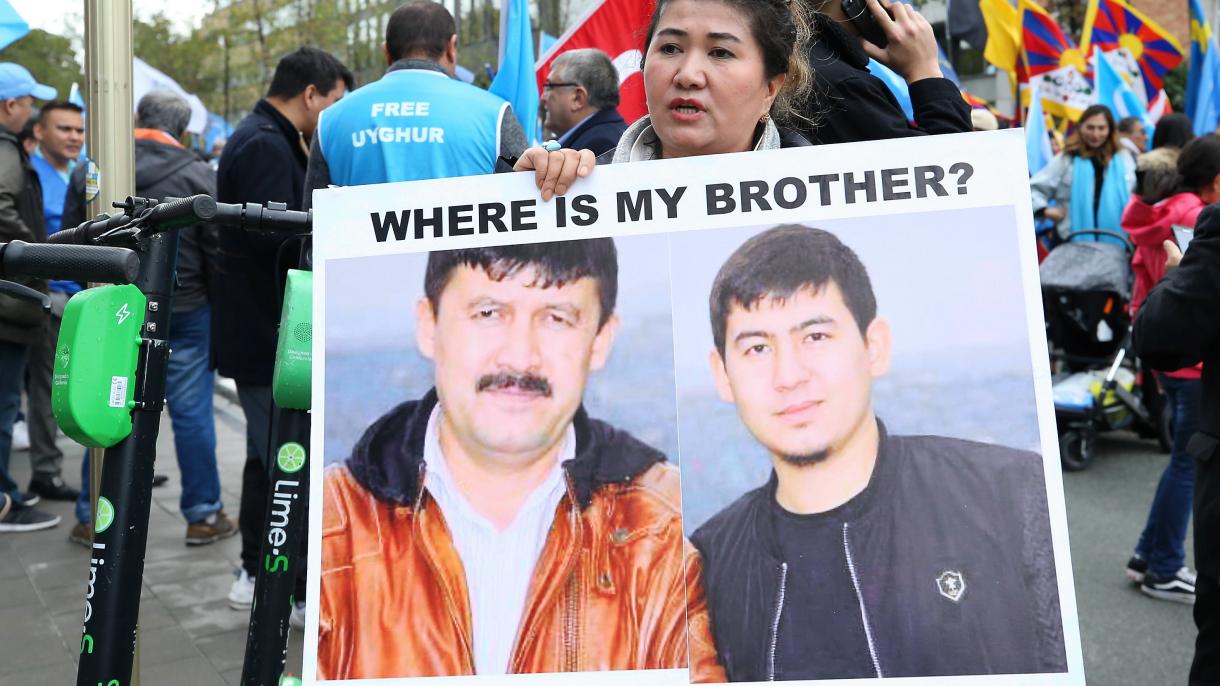 维吾尔突厥人在布鲁塞尔抗议中国的政策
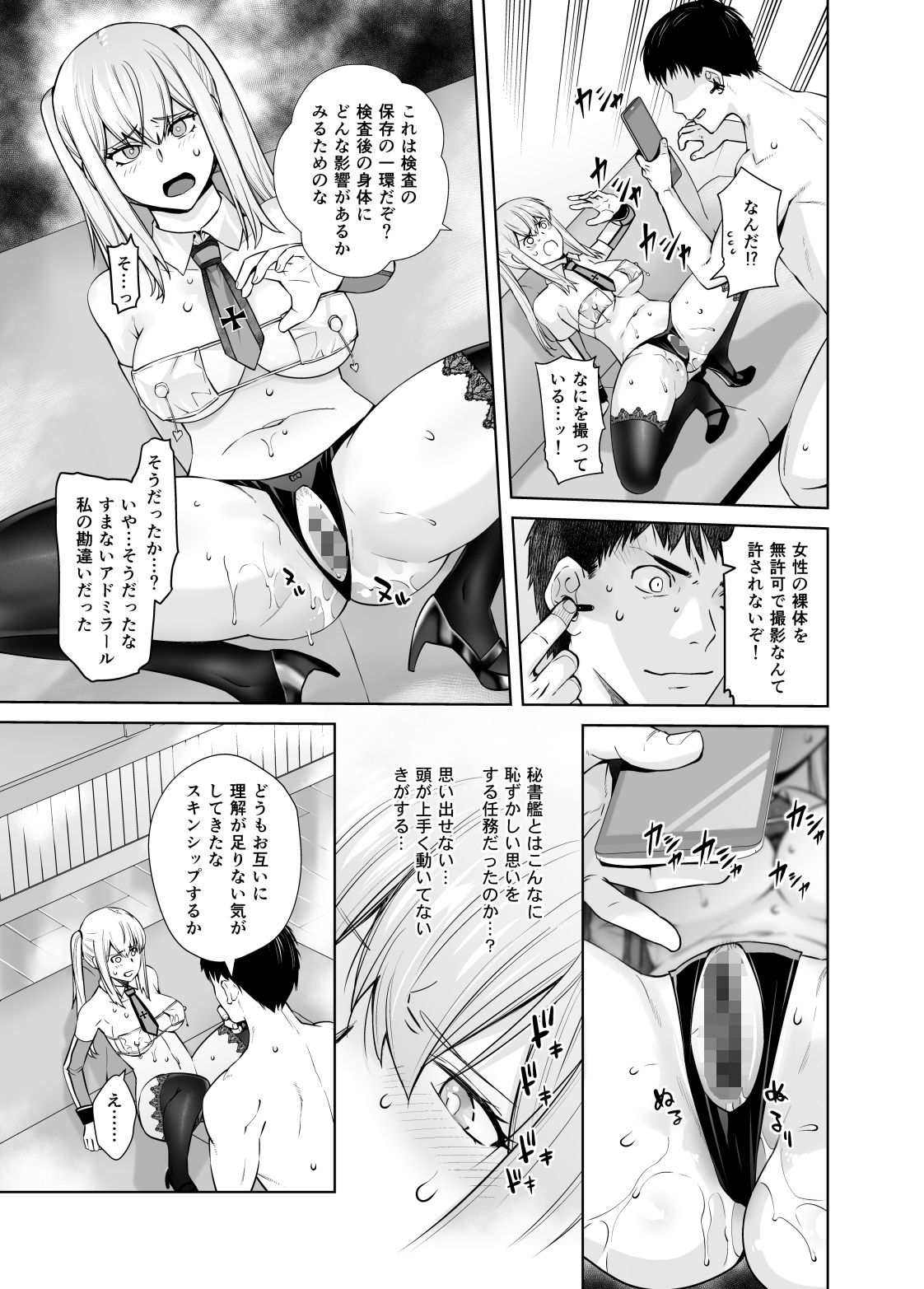 サンプル画像3:「女性器の検査が任務にどう影響があるのか…」(紅茶屋) [d_232075]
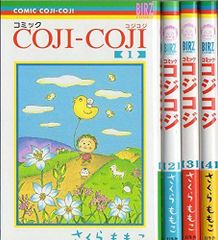 全巻初版】コジコジ COJICOJI 完全版 1〜4 全巻セット - メルカリ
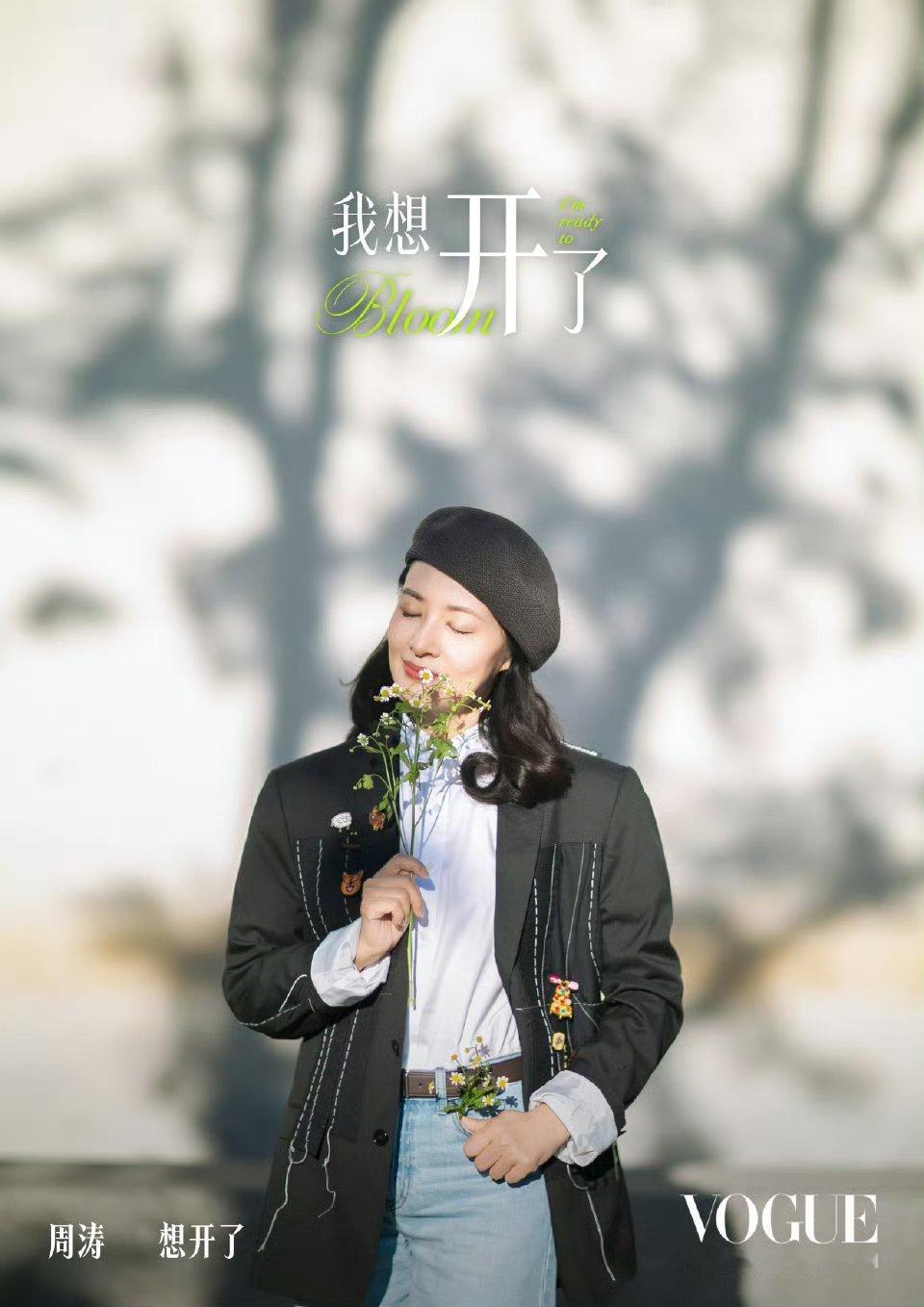 周涛主持vogue盛典vogue盛典主持人是周涛！！！好惊喜，期待[打call]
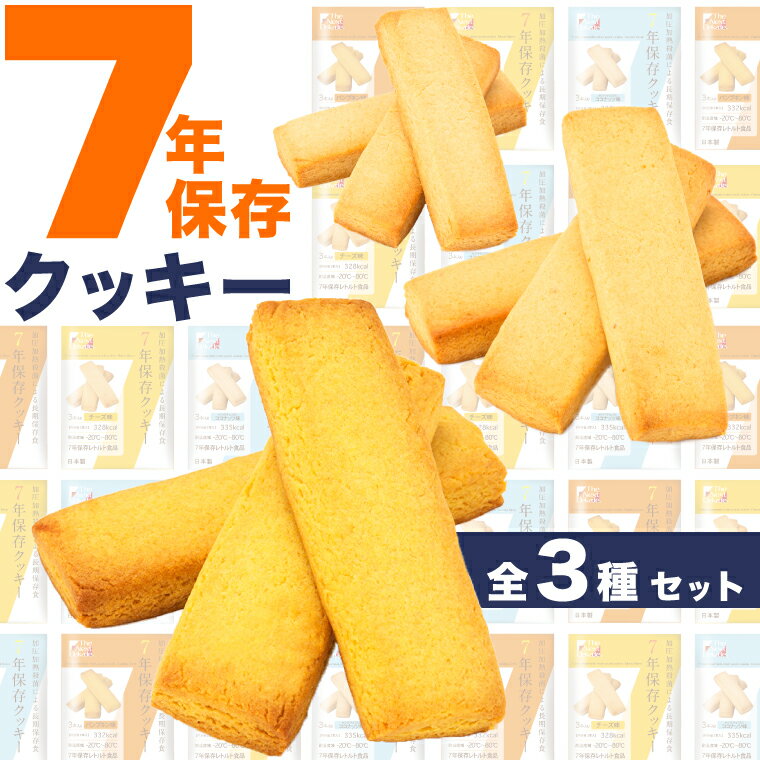 【送料無料】 非常食 クッキー 7年保存 ビスケット 3個 セット 保存食 お菓子 パン 子供 レト ...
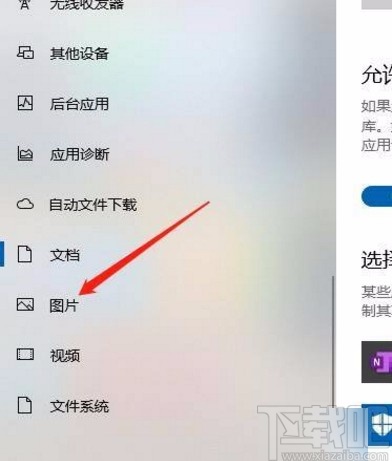 Win10系统允许应用访问图片库的方法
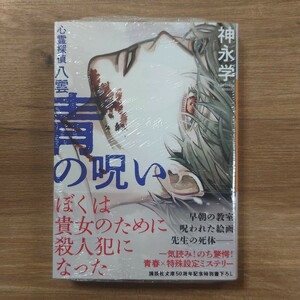 【サイン本】青の呪い　心霊探偵八雲 （講談社文庫　か１５０－２） 神永学／〔著〕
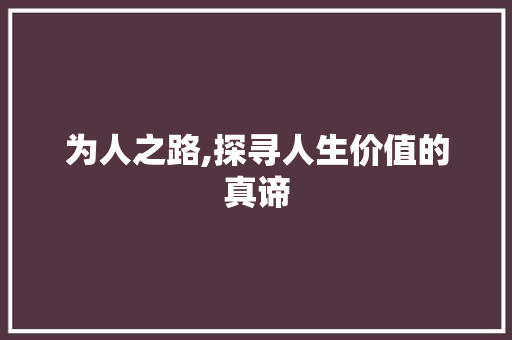 为人之路,探寻人生价值的真谛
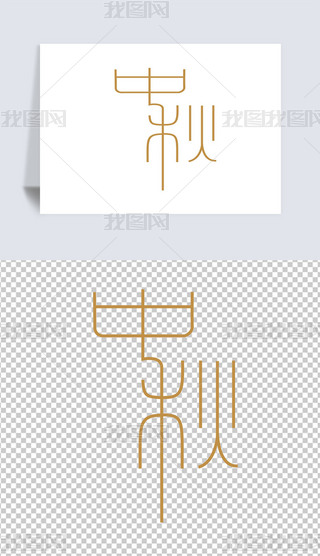 SɫʮwOӋ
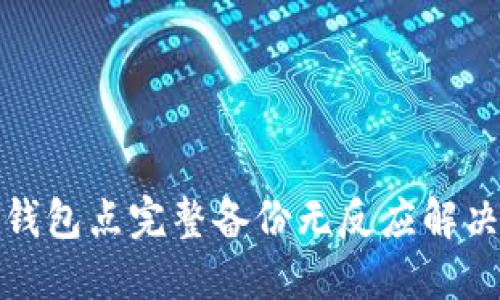 小狐钱包点完整备份无反应解决方案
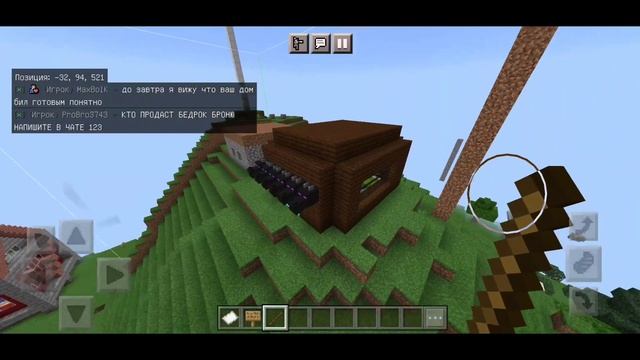 (Грифер-Шоу) КАК УКРАСТЬ ДОМ ТУПОГО СОСЕДА на сервере Minecraft PE 1.17.10 (MineScar) @AntonScar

▶ **WHAT THE TASK ASKS**:
Omitting all pictures, reproduce the records above in their entirety.

▶ **TASK ANSWER**:
 维吾尔突厥人在布鲁塞尔抗议中国的政策
 サンプル画像3:「女性器の検査が任務にどう影響があるのか…」(紅茶屋) [d_232075]
 全巻初版】コジコジ COJICOJI 完全版 1〜4 全巻セット - メルカリ
 周涛主持vogue盛典vogue盛典主持人是周涛！！！好惊喜，期待[打call]
 【送料無料】 非常食 クッキー 7年保存 ビスケット 3個 セット 保存食 お菓子 パン 子供 レト ...
 Win10系统允许应用访问图片库的方法
 【サイン本】青の呪い　心霊探偵八雲 （講談社文庫　か１５０－２） 神永学／〔著〕
 为人之路,探寻人生价值的真谛
 SɫʮwOӋ
 小狐钱包点完整备份无反应解决方案
 (Грифер-Шоу) КАК УКРАСТЬ ДОМ ТУПОГО СОСЕДА на сервере Minecraft PE 1.17.10 (MineScar) @AntonScar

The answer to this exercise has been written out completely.